Need to escape regex characters in sed to be interpreted as regex characters

quotingregular expressionsed

It seems e.g.
cat sed_data.txt | sed 's/\b[0-9]\{3\}\b/NUMBER/g'
that I must escape characters to form a regular expression. In this case I had to escape braces in order to be interpreted as a number of times.
Why? I was expecting that everything would be a regex character unless escaped. I.e. the opposite.

Best Answer

This is because sed uses POSIX BREs (Basic Regular Expressions) as opposed to the EREs (Extended Regular Expressions) you're probably used to from Perl or friends.

From the sed(1) man page:

REGULAR EXPRESSIONS
       POSIX.2 BREs should be supported, but they aren't completely because of
       performance problems.  The \n sequence in a regular expression  matches
       the newline character, and similarly for \a, \t, and other sequences.

Relevant quote from the above link:

The Basic Regular Expressions or BRE flavor standardizes a flavor similar to the one used by the traditional UNIX grep command.
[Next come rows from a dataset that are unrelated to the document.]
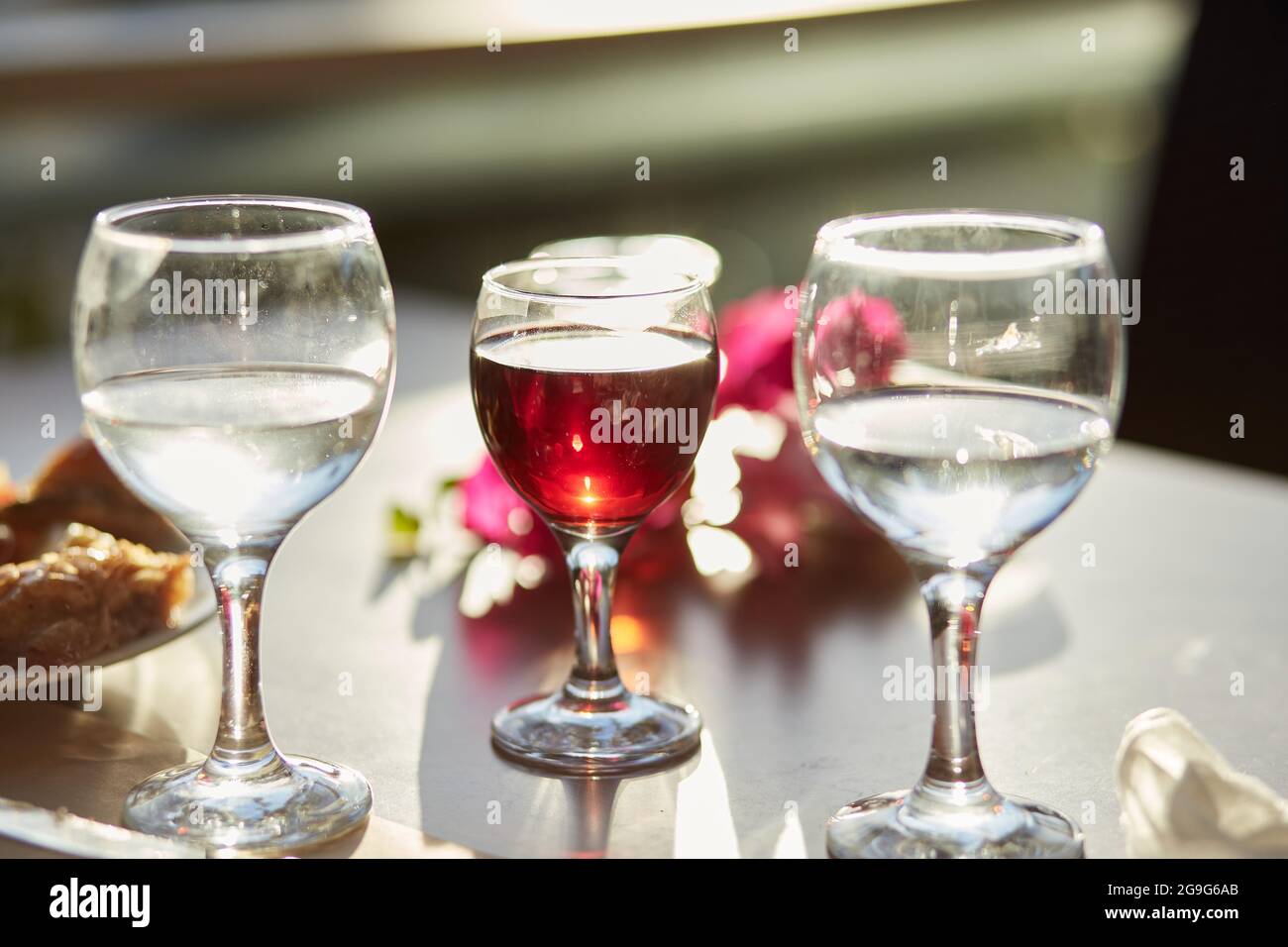 Bicchiere di vino rosso e bicchieri d'acqua sul tavolo. Decorazioni di fiori rosa bouganville. Spazio di copia. Foto Stock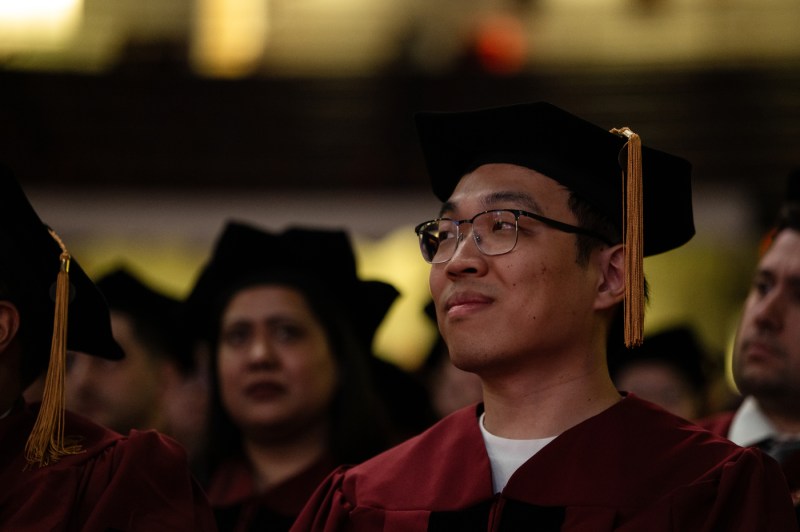A PhD grad listening from the audience.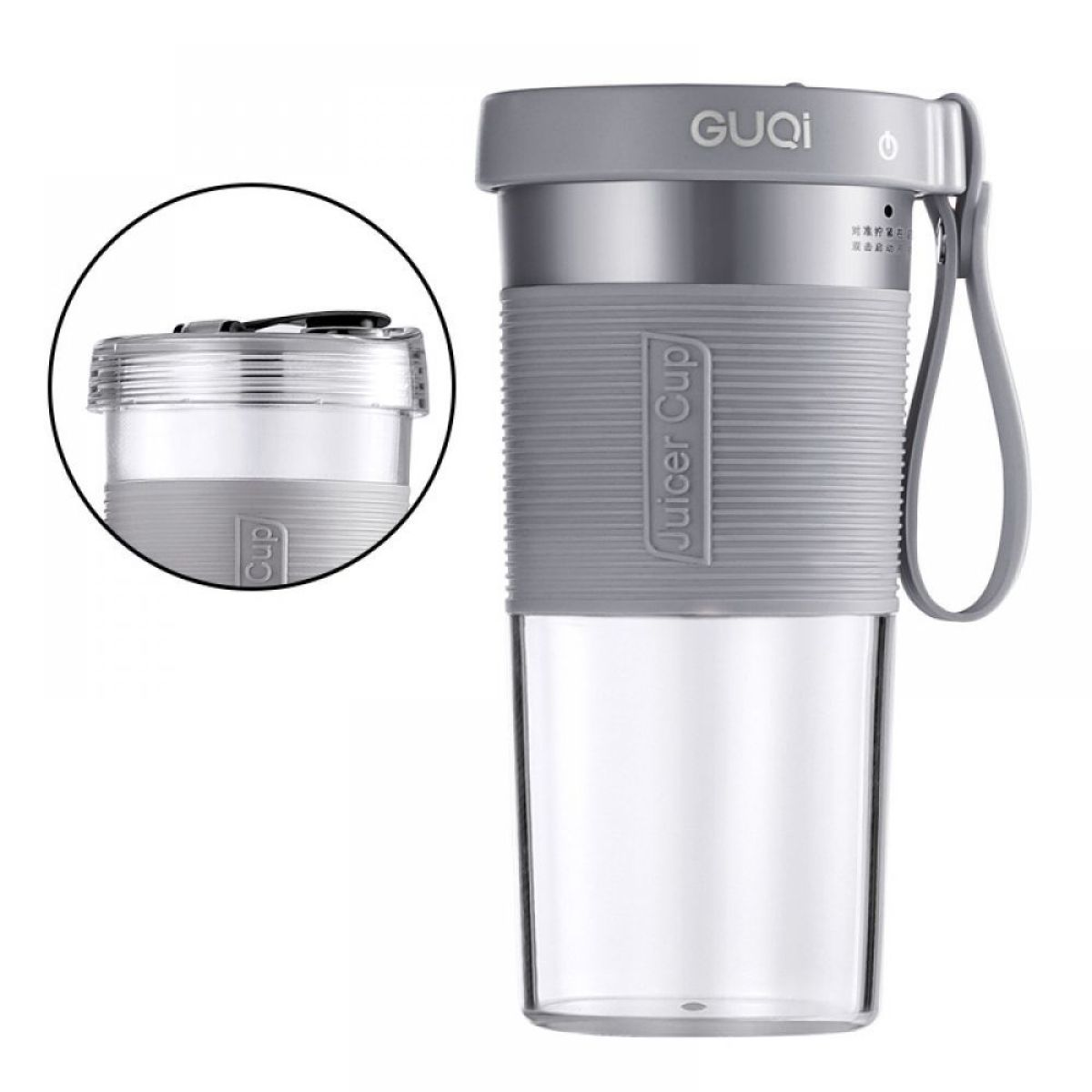 Grauer Juicer Cup mit Deckel. Der Becher hat einen grauen Griff. Nahaufnahme des Deckels.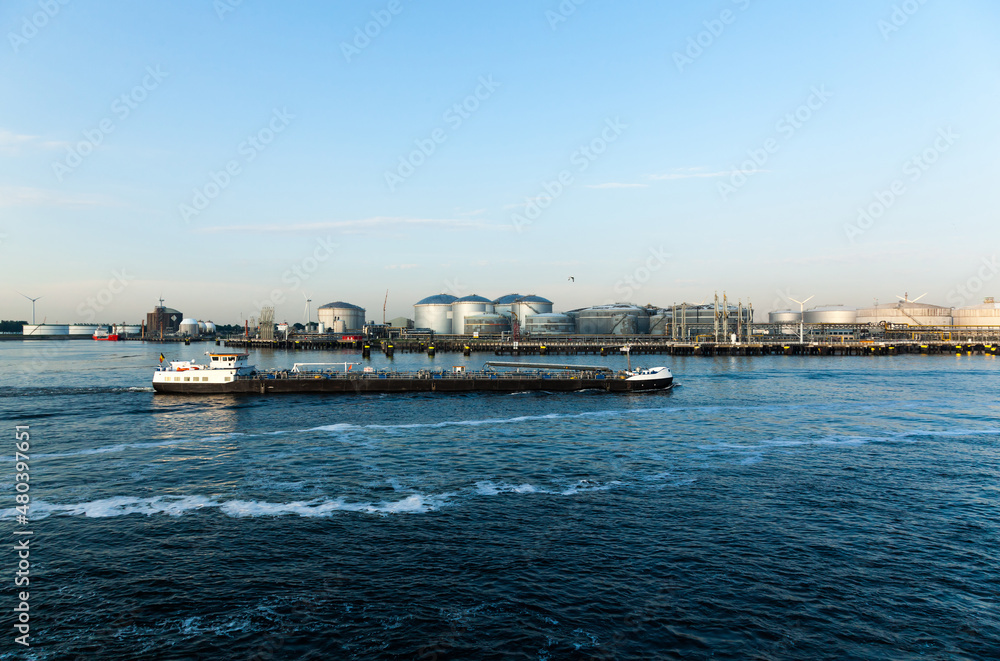 An oil refinery in Amsterdam is near the water and a small refueling tanker passes by.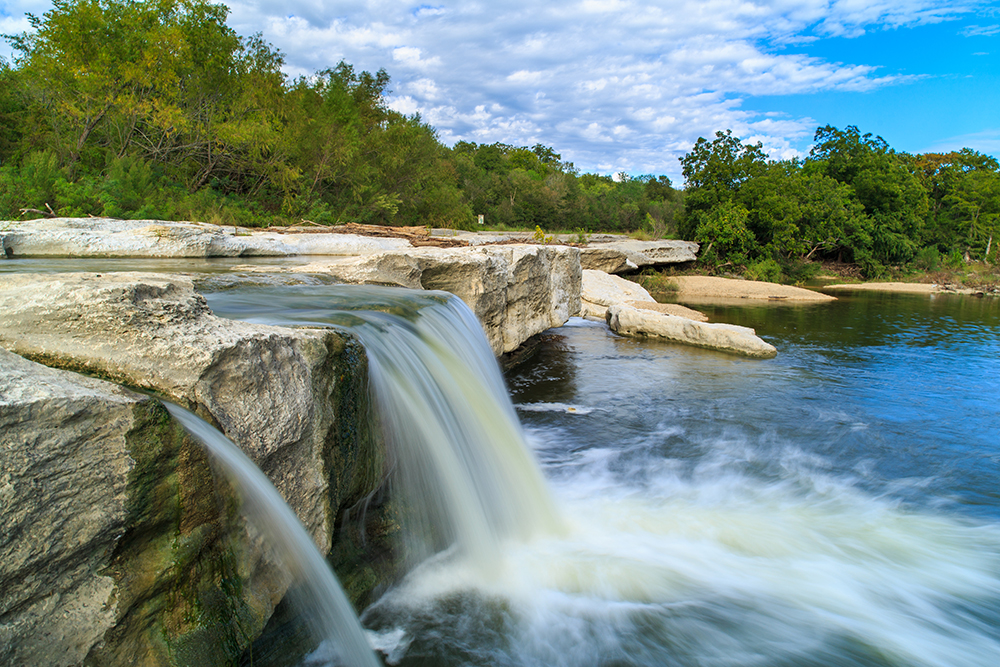 McKinney Falls a double waterfall flowing into water below on a sunny day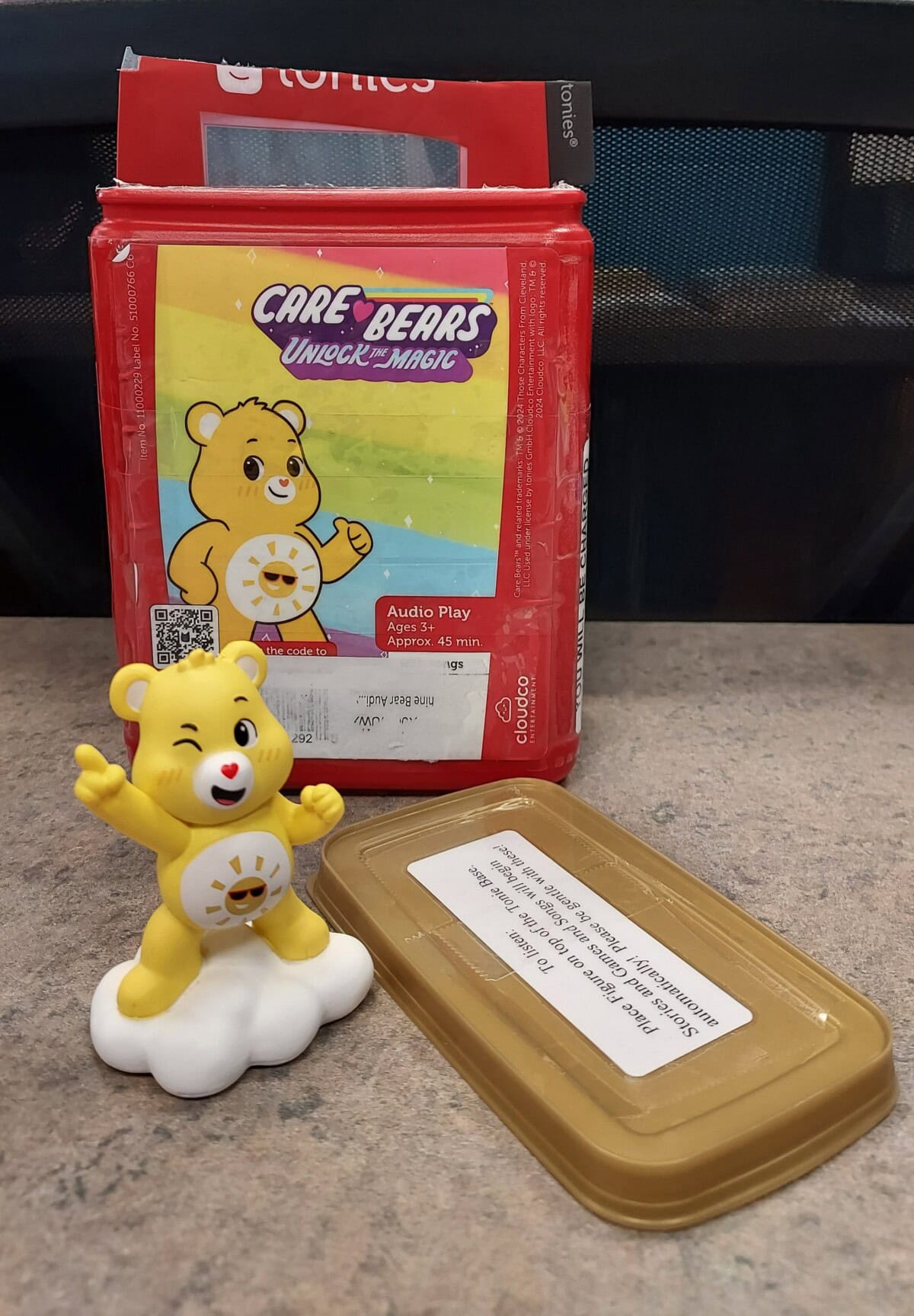 A yellow Care Bears figurine stands on a cloud, winking and waving. Behind it is a red package with Care Bears artwork and the words Unlock the Magic. A tan plastic object with a label is nearby on a gray surface.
This is pretty much the oldest regular expression flavor still in use today. One thing that sets this flavor apart is that most metacharacters require a backslash to give the metacharacter its flavor. Most other flavors, including POSIX ERE, use a backslash to suppress the meaning of metacharacters.

Quoted verbatim from Craig Sanders' comment:

Note that in GNU sed at least, you can tell sed to use extended regexps with the -r or --regexp-extended command line option. This is useful if you want to avoid uglifying your sed script with excessive escaping.